Source data:

== Segment start ==

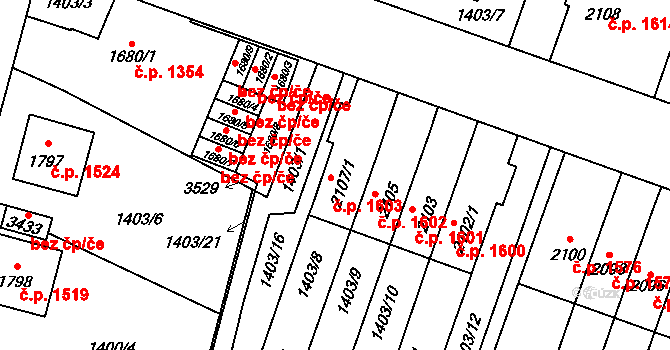Hořice 1603 na parcele st. 2107/1 v KÚ Hořice v Podkrkonoší, Katastrální mapa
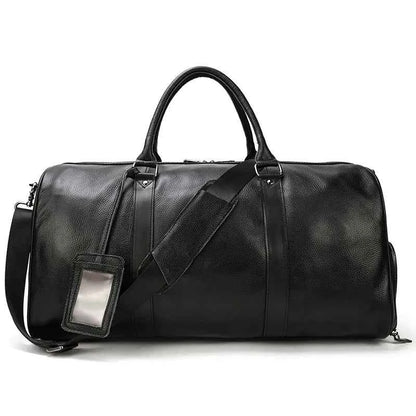 Leather business travel bag by Mead's Supply & Equipment Outfitters, black and bronze premium duffel with multiple compartments.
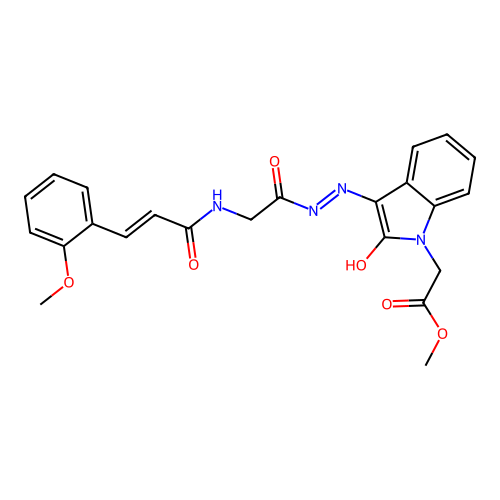 methyl 2-(3-(2-(2-(3-(2-methoxyphenyl)acrylamido)acetyl)hydrazono)-2-oxoindolin-1-yl)acetate structure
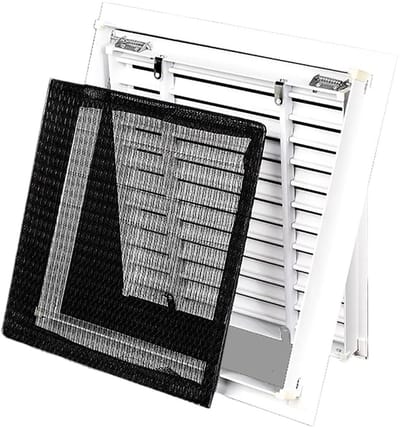 Ventilatierooster Vierkant - Luchtuitlaat Deksel - Luchtcirculatie Verbeteren - Verwijderbare Lamellendeur - Tot 50x50 cm - Zwart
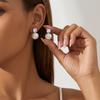 High Sense Square Zircon Pearl Stud Earrings Women, Simple Commuting Light Luxury Earrings Internet Celebrity Temperament Versatile Jewelry
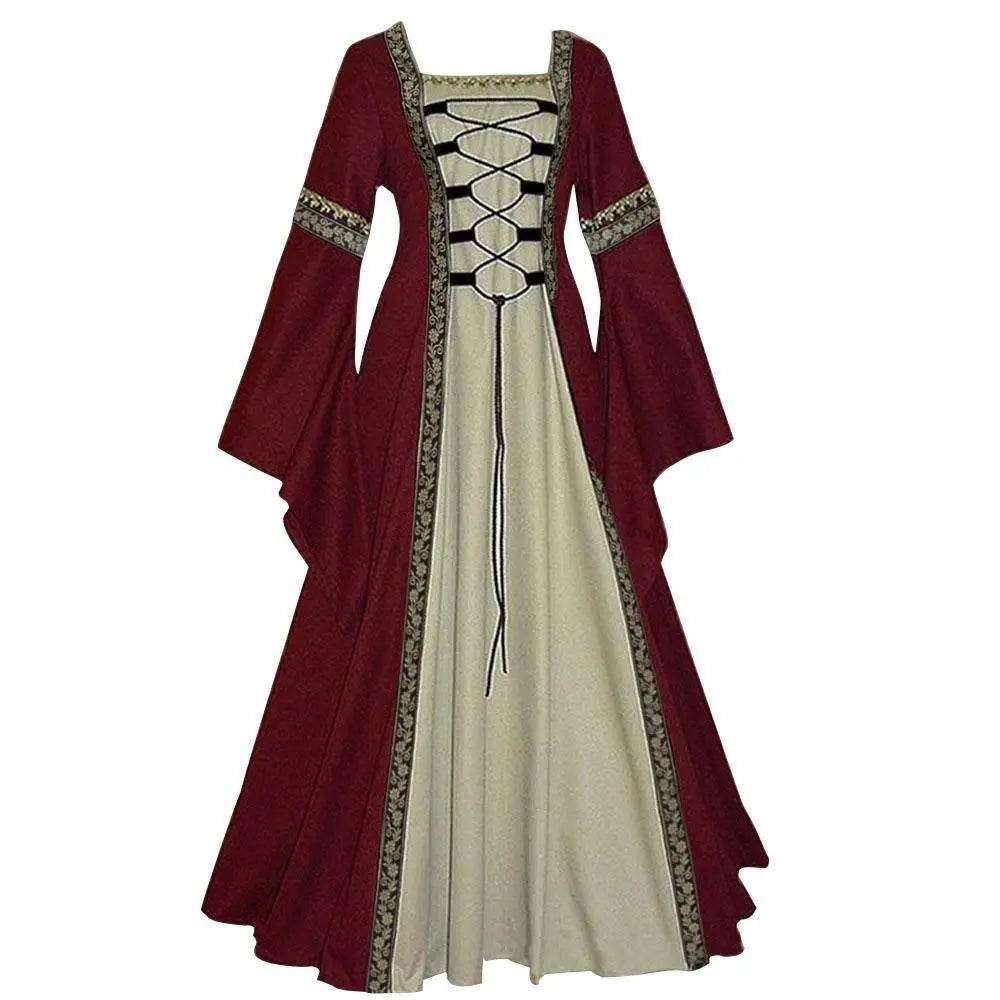 Gothic retro women's Medieval Court Costume Robe large size trumpet sleeve long dress - Azufun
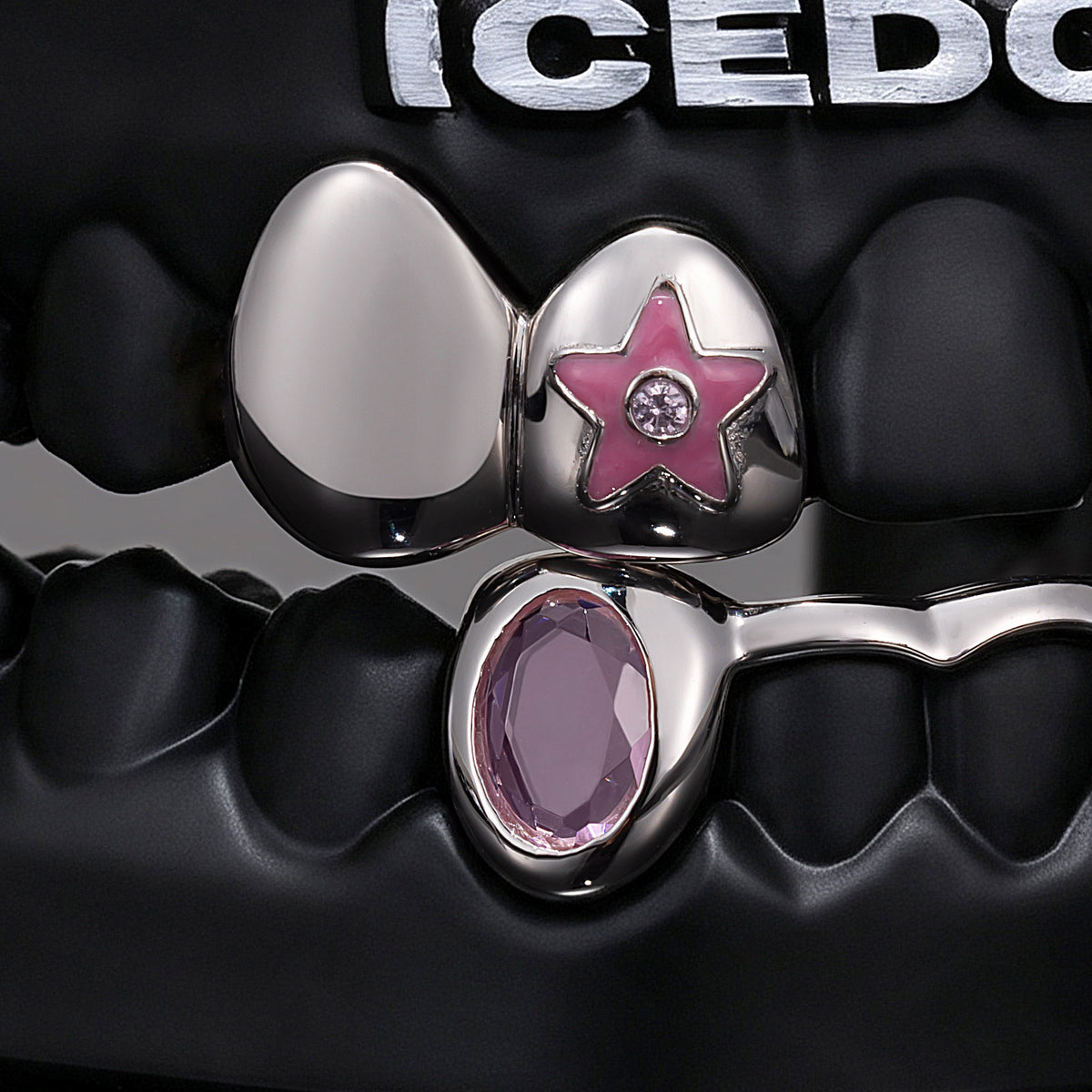 "POP" Enamel Star Pink Gem Bar Grillz - IcedGrillz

== Segment end ==

> [YOUR OBJECTIVE] Could you set down nothing but the lines from the one containing "Gothic retro women's" through the last line of the records above, both ends included, exactly as given and free of pictures?

> [SOLUTION]
 Gothic retro women's Medieval Court Costume Robe large size trumpet sleeve long dress - Azufun
 "POP" Enamel Star Pink Gem Bar Grillz - IcedGrillz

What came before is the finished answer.